Monday, January 15, 2007

Does Anyone Really Need 3 Copies Of 'Porky's'??

When VCR's ruled the Earth we owned a pretty decent movie collection. Then, one day, we were forced to buy a DVD player and we were basically back to square one, building our movie collection again. Now some of you might be saying, "Forced? It was your CHOICE to buy a DVD player. Nobody put a gun to your head."

This is true, but then again, where do you go to rent the latest movies on VHS? Blockbuster? Rogers? Nope. If you want to rent a new movie you'd better have something besides a VCR at home, otherwise you're SOL.

Now back to the point.

The worst part about rebuilding your movie library is buying movies that you already bought once before. Sure there are some added features and extras or maybe it's a "Special Edition", but when it comes down to it you're buying the same movie. How much better is Revenge of the Nerds going to be on DVD as opposed to VHS?

Here we are a couple of years after buying our DVD player. Our DVD movie collection sucks. We have maybe a dozen movies on DVD, most of which are kids movies. I just can't bring myself to buy all of those old movies that I used to enjoy on tape a second time. Now we are on the cusp of yet another media change, whether it be Blu-Ray or some other HD format, it looks like everyone is going to be facing the possibility of rebuilding their movie collections yet again in the next 5 years or so.

Personally I think it's kind of a scam. As far as I'm concerned, when I originally shelled out $25 for the movie on VHS, I was paying for the movie. How is it fair that I have to pay for the same movie twice just because somebody decided to change the dominant media format. I didn't ask for this.

When you buy a CD, there is no problem with converting these music files to MP3 for your own listening pleasure. Why? Because when you bought the CD you paid for the songs not the format. Why are movied treated any differently.

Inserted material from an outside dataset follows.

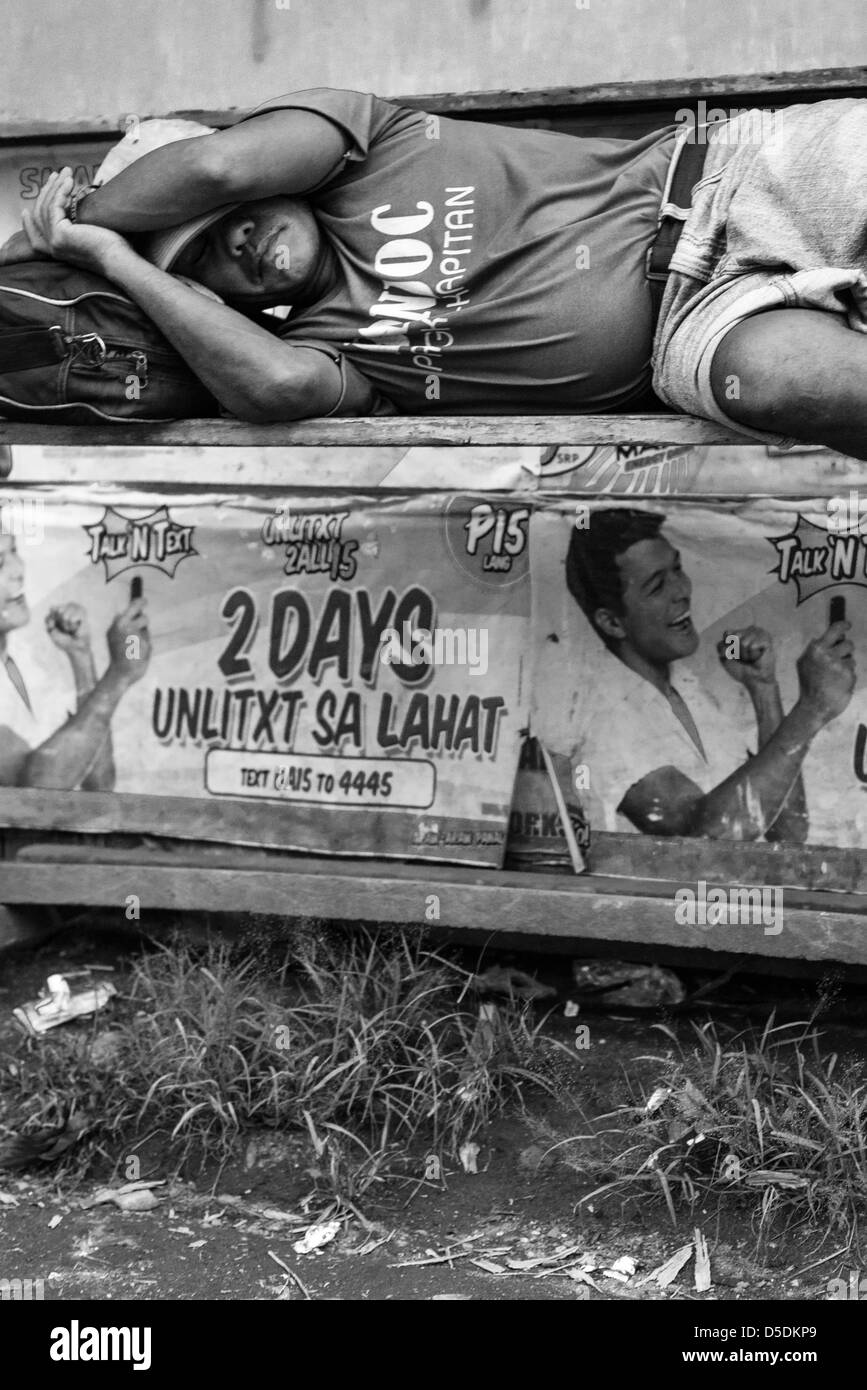 Uomo dorme sulla strada a Cagayan de Oro, Filippine Foto Stock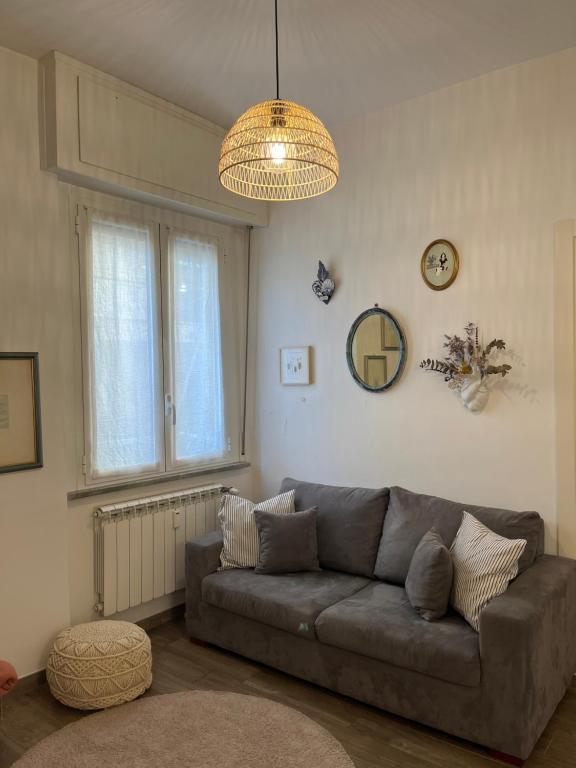 a living room with a gray couch and a chandelier at Casa Angiolina in Chiavari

Here is my dream of how things should run:

You go into a movie store and you buy a movie. What you get is a digital certificate and your movie on the media of your choice. Then two years later when the next best video format conquors the existing format you return to the store, present your digital certificate and exchange your old copy for a new copy on the new media (whatever that may be). It would even be acceptable to pay a small fee for the exchange. Something like 10% of the cost of the market price of said movie. This should also be true for Special Editions. Rather than buy the movie again outright, you should have the option to upgrade your existing copy.

I'm talking to you George Lucas! How many times am I going to have to buy the original Star Wars trilogy? I think 3 is my limit.

I just can't justify spending $100 for that trilogy a fourth time. Pirating movies is starting to sound better every day.